**Instructions for the task:** Please copy out the entries until you have copied the line that contains "Habudda Floating Shelves, Wall", beginning with the first line.

**Available data:**
------------------------------------------------------------------------

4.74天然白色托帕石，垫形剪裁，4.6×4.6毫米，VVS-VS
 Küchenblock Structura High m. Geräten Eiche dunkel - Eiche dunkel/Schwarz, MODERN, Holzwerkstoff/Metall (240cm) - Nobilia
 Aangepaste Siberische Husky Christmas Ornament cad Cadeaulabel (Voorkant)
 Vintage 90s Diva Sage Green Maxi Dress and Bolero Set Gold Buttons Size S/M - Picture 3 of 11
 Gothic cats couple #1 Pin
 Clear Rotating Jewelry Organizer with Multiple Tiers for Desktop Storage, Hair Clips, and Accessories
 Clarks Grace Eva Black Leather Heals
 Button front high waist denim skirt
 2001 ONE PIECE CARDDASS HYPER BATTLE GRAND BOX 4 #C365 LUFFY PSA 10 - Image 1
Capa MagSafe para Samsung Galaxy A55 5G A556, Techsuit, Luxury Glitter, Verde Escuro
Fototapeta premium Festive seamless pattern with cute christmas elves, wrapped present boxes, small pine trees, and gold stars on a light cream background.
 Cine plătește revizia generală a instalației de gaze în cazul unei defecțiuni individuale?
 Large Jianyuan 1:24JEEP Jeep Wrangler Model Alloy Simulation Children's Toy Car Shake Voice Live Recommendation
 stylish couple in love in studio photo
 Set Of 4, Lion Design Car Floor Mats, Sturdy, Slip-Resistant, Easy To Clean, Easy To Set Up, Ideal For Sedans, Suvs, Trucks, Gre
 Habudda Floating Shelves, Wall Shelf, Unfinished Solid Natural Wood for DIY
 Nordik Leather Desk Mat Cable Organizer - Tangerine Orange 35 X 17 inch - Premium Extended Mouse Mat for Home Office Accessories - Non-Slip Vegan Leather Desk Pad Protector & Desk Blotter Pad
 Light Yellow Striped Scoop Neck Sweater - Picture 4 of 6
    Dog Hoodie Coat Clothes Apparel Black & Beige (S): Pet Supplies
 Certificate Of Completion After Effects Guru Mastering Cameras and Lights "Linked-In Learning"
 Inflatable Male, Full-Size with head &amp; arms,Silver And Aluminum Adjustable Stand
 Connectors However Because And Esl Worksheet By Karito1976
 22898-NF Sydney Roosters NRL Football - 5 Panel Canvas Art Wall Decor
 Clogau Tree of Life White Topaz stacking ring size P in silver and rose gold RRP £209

------------------------------------------------------------------------

**Answer to the problem:**
4.74天然白色托帕石，垫形剪裁，4.6×4.6毫米，VVS-VS
 Küchenblock Structura High m. Geräten Eiche dunkel - Eiche dunkel/Schwarz, MODERN, Holzwerkstoff/Metall (240cm) - Nobilia
 Aangepaste Siberische Husky Christmas Ornament cad Cadeaulabel (Voorkant)
 Vintage 90s Diva Sage Green Maxi Dress and Bolero Set Gold Buttons Size S/M - Picture 3 of 11
 Gothic cats couple #1 Pin
 Clear Rotating Jewelry Organizer with Multiple Tiers for Desktop Storage, Hair Clips, and Accessories
 Clarks Grace Eva Black Leather Heals
 Button front high waist denim skirt
 2001 ONE PIECE CARDDASS HYPER BATTLE GRAND BOX 4 #C365 LUFFY PSA 10 - Image 1
Capa MagSafe para Samsung Galaxy A55 5G A556, Techsuit, Luxury Glitter, Verde Escuro
Fototapeta premium Festive seamless pattern with cute christmas elves, wrapped present boxes, small pine trees, and gold stars on a light cream background.
 Cine plătește revizia generală a instalației de gaze în cazul unei defecțiuni individuale?
 Large Jianyuan 1:24JEEP Jeep Wrangler Model Alloy Simulation Children's Toy Car Shake Voice Live Recommendation
 stylish couple in love in studio photo
 Set Of 4, Lion Design Car Floor Mats, Sturdy, Slip-Resistant, Easy To Clean, Easy To Set Up, Ideal For Sedans, Suvs, Trucks, Gre
 Habudda Floating Shelves, Wall Shelf, Unfinished Solid Natural Wood for DIY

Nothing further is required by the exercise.